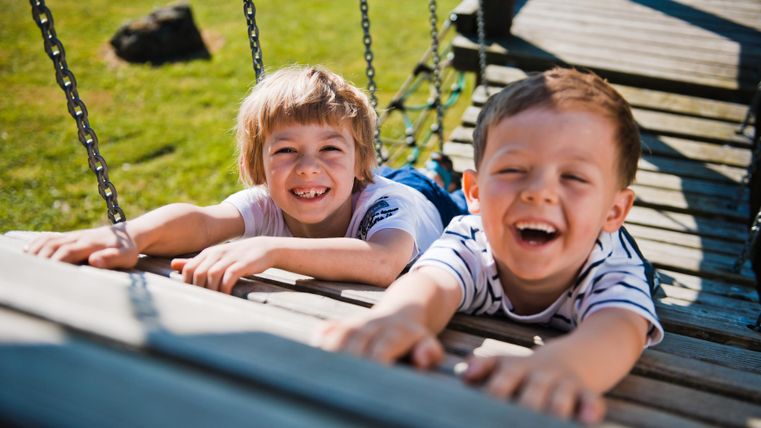 Twee lachende kinderen liggen op een schommel en hebben plezier. Ze genieten van een zonnige dag buiten.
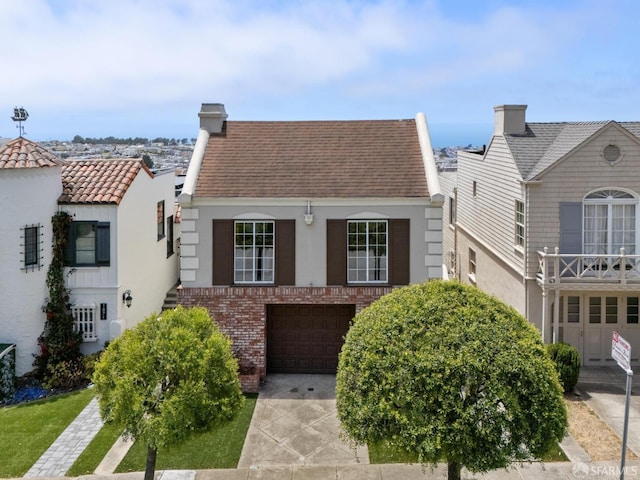 1867 15th Ave, San Francisco, CA 94122 - view of front facade with a chimney, an attached garage, stucco siding, driveway, and brick siding
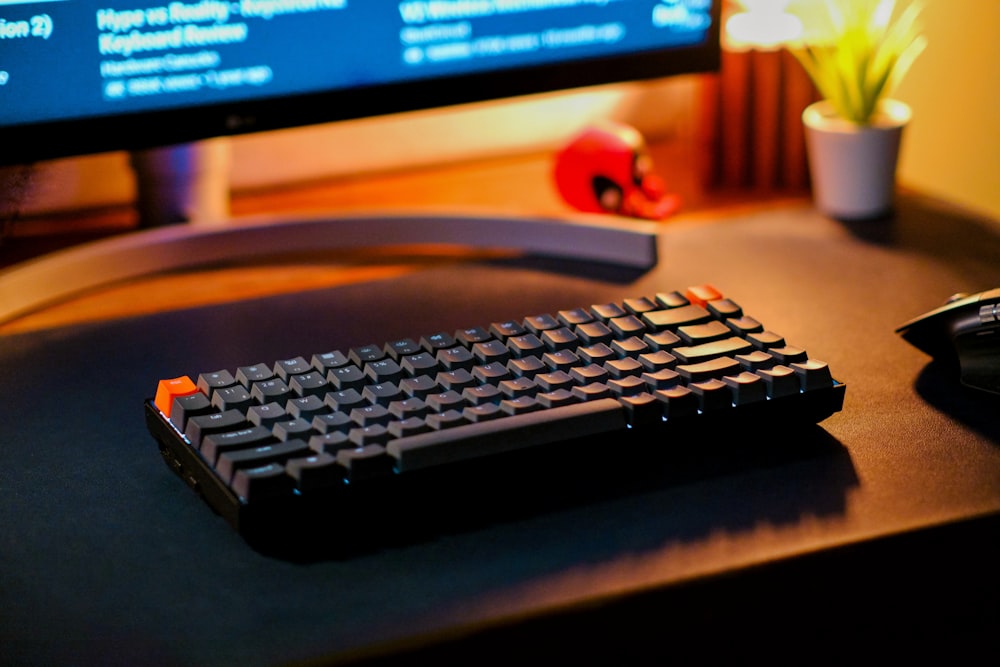 a computer keyboard sitting on top of a desk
_____
[Exercise aim]
Write out all of the data above exactly, without any of its pictures.

[The answer]
 Twee lachende kinderen liggen op een schommel en hebben plezier. Ze genieten van een zonnige dag buiten.
 1867 15th Ave, San Francisco, CA 94122 - view of front facade with a chimney, an attached garage, stucco siding, driveway, and brick siding
 a computer keyboard sitting on top of a desk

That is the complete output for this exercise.